Sir John Ward (c. 1650–1726), of Hookfield, Clay Hill, Epsom, Surrey and St Laurence Pountney, London, was a British merchant, banker and politician who sat in the House of Commons between 1701 and 1726. He was an original Governor of the Bank of England and served as  Lord Mayor of London in 1718.

Ward was the second son of John Ward, commissioner of customs, of Tanshelf, near Pontefract, Yorkshire and his wife Elizabeth Vincent, daughter of Thomas Vincent of Barnbrough, Yorkshire. His uncle was Sir Patience Ward, Lord Mayor of London in 1680. He married Mary Bucknell, the daughter of Sir William Bucknall of Oxhey Place, Hertfordshire on 17 April 1684. In 1700 he acquired Hookfield Park on Clay Hill Epsom, with the help of his father in law.

Ward was one of the original directors of the Bank of England from 1694 to 1699, served as Deputy Governor from 1699 to 1701 and as Governor from 1701 to 1703.  He then resumed his directorship from 1703 to his death. He was also a director of the East India Company from 1703 to 1707 and from 1709 to 1711.

Ward was returned unopposed as Member of Parliament for Bletchingley at the first general election of 1701, with the support of his friend Sir Robert Clayton. He was returned unopposed again at the second general election of 1701 and in the general elections of 1702 and 1705. At the 1708 British general election he was elected in a contest as MP for  City of London. In 1709 he became Freeman of the Merchant Taylors’ Company and its master for the year 1709 to 1710. He was also elected a London alderman for Candlewick ward on 7 April 1709.   He was unsuccessful in the general elections of 1710 and 1713. He was knighted on 25 September 1714.  

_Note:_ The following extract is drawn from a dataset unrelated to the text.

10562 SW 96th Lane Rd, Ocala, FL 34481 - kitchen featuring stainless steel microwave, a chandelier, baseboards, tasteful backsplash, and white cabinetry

Ward was elected again as MP for the City of London at the 1715 British general election. He was selected as Sheriff of London for the year 1715 to 1716 and was elected Lord Mayor of London for the year 1718 to 1719. He did not stand at the 1722 British general election but was returned as MP for Dunwich at a by-election on 7 December 1722.

Politically he was regarded as a Whig, but usually very independent of the government, and at one time as MP for the City of London was supported by the Tories and largely voted for their candidates.  Towards the end of his life he had reconciled with the government and worked for their interests in the City.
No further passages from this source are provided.